### WHAT IS BEING ASKED
Extract the full listing verbatim and drop any pictures from your copy.
(Beginning of DATA PROVIDED)
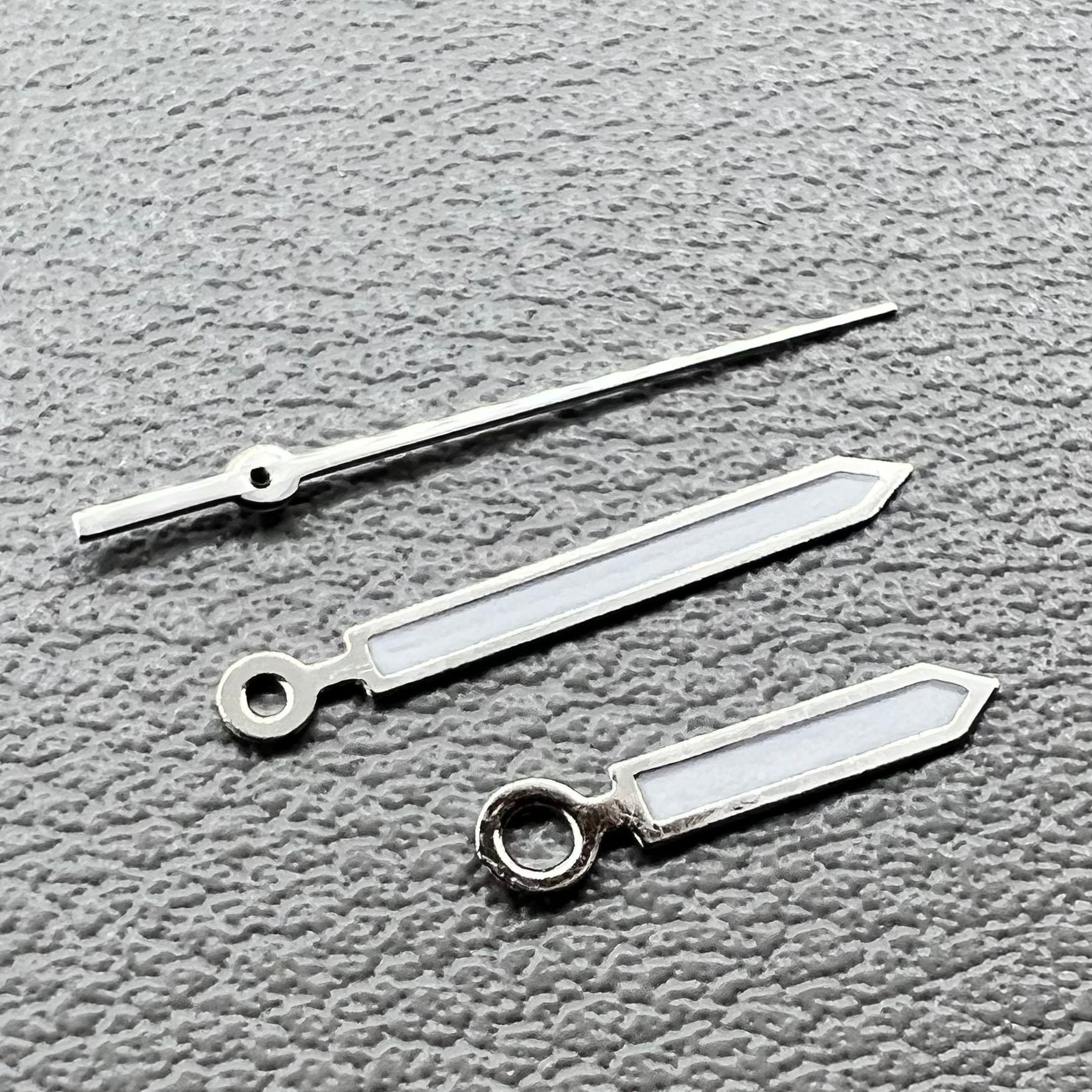 Silver trim green lume arrow hands set for Ronda 515 watch movement, 2 packs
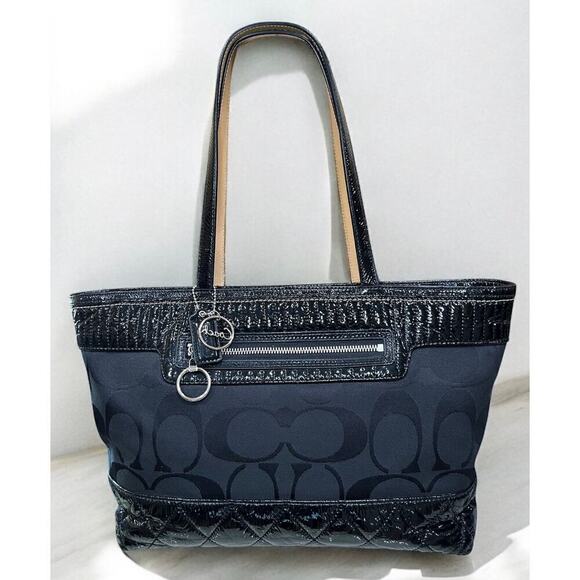 Coach 18676 Black Signature Poppy Quilted Tote - Picture 1 of 11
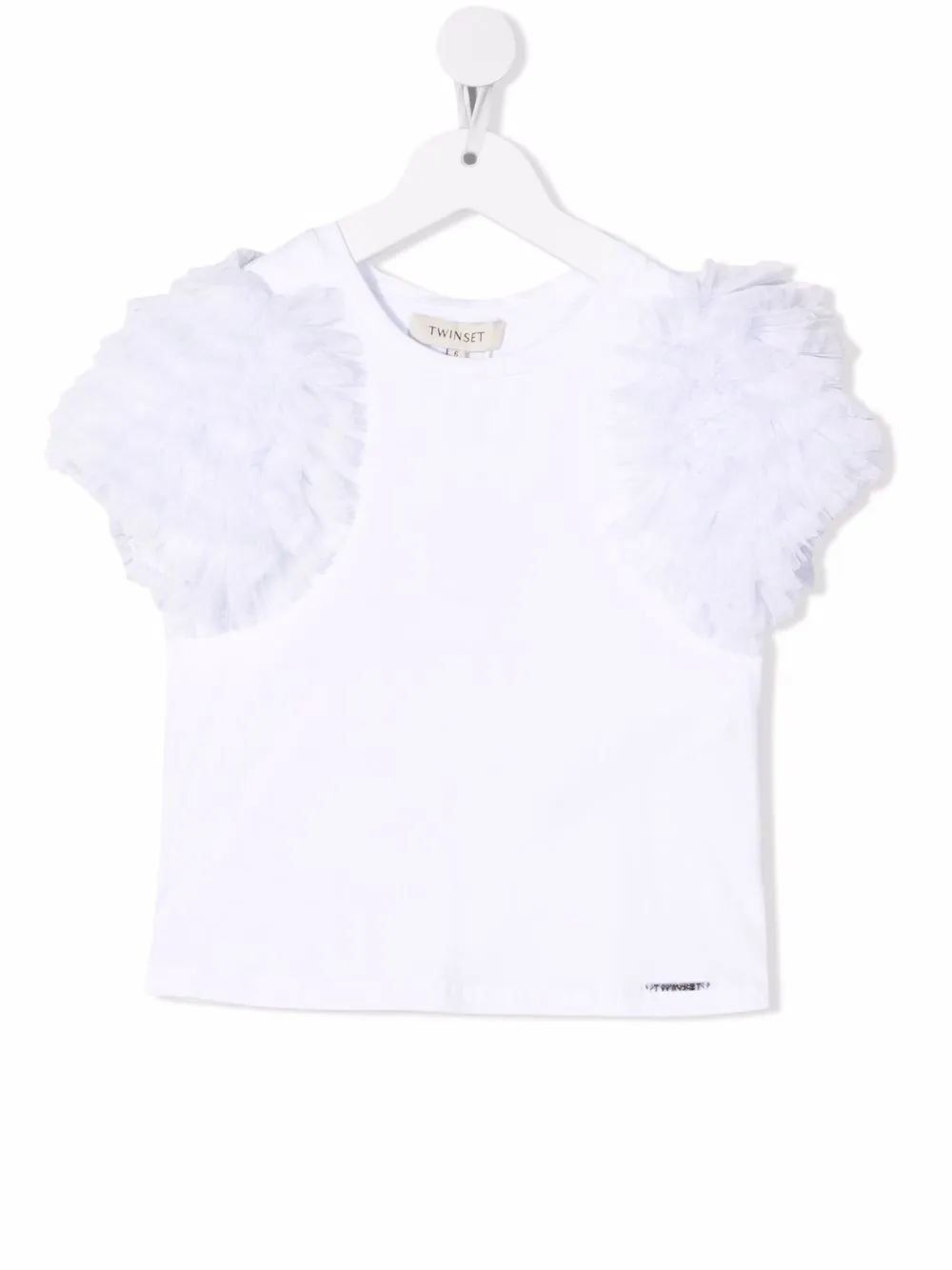 

TWINSET Kids playera con manga de tul - Blanco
(End of DATA PROVIDED)
### ANSWER BOX
 Silver trim green lume arrow hands set for Ronda 515 watch movement, 2 packs
 Coach 18676 Black Signature Poppy Quilted Tote - Picture 1 of 11

TWINSET Kids playera con manga de tul - Blanco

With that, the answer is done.